Monday, September 25, 2006 09:10 PM

You Know, Single, Childless People Also Exist . . . .

I remember back in the not too distant past when Salon used to have an article or two now and then about singles, about sex, and sometimes about both. Now all we get are articles about Moms, Working Moms, Stay at Home Moms, Mommy Wars, breastfeeding, breastfeeding at work, motherhood, the oh-so-important mother-child connection, the need for Moms to have time for themselves, blah, blah, and more friggin' blah.

At this point, I'm beginning to think that Salon is no different than the Christian right who think sex issues only pertain to married mommies. I'm finding less and less about this site that pertains to me, a heterosexual, single, childless, African-American woman. Unless, of course, I ever want to have an abortion.

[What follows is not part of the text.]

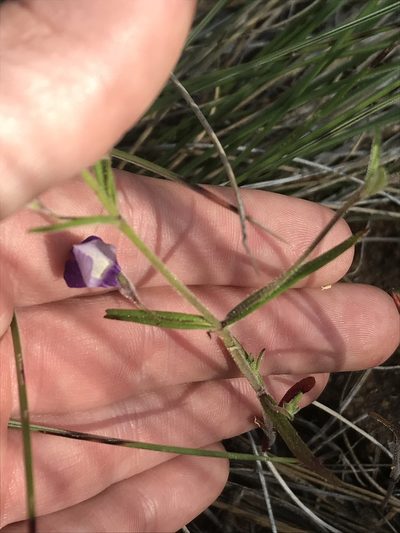 Collinsia linearis, photographed by Daniel Kennedy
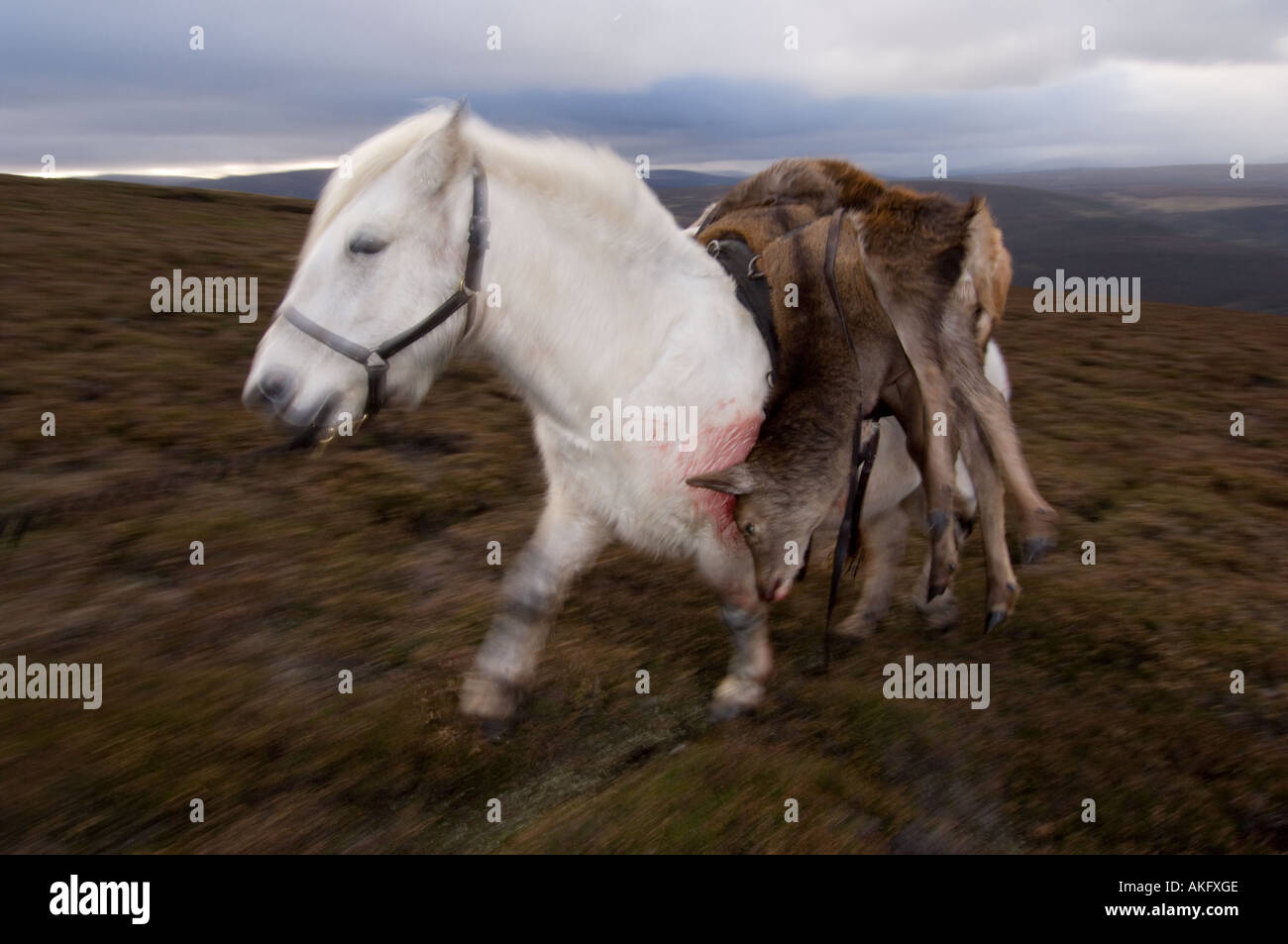 Un pony garron tenendo Red Deer cerve off la collina, Scozia Foto Stock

Monday, September 25, 2006 09:29 PM

I'm confused

Are letters being deleted? Because it seems like there are several snarling, bitter, hateful, angry "responses" to every Salon article having to do with men and women and relationships, but the "responses" very rarely have anything to do with the actual article or anything in it, or any of the previously published letters.

Wait -- random-text-generating bots. That's gotta be it.

Monday, September 25, 2006 10:55 PM

Of course it does

When a wife knows she'll get the house, kids, car and a huge chunk of change if she decides to leave, what motivation does she have to make things work?

Only when marriage becomes an equitable exchange will things change.

Until then, men are getting wiser and avoiding marriage altogether. Why get married when you can have hot sex and keep the money that was earned from your own sweat and toil?

Marriage is a parasitic relationship whereby a woman leverages the inhumanity of family court to get whatever she wants from a man.

Sorry, ladies- you've priced yourselves out of the market.

A man needs a wife like a bicycle needs a fish.

Tuesday, September 26, 2006 05:17 AM

So Parson Jim, You should you be a feminist.

To fight for equal rights and opportunity.

Giving wives more than they "deserve" in divorce, presuming that women are better mothers then men are fathers, allowing alimony only for wives -- that's all relics of pre-feminist laws, laws that viewed women with pity in family court, because they could never earn enogh money to live on, and laws and judges taht presumed that women are "nurturing" and will be better mothers. It has always been like this -- no one has "priced themselves out of the market" recently. It's just that you've only been around recently.

So, you should join the fight for equitable justice. And taht's with the feminists, not the anti-feminists.

It's the anti-feminists, like Dr. Laura and Kate O'Berine who believe that men are just overgrown child-oafs who need the wise and knowing women to take care of them like one of the children. It's the anti-feminists who celebrate women being "masters of the home," and use taht to discourage them from working outside of it, like Phylis Schalfy. It's not the feminists.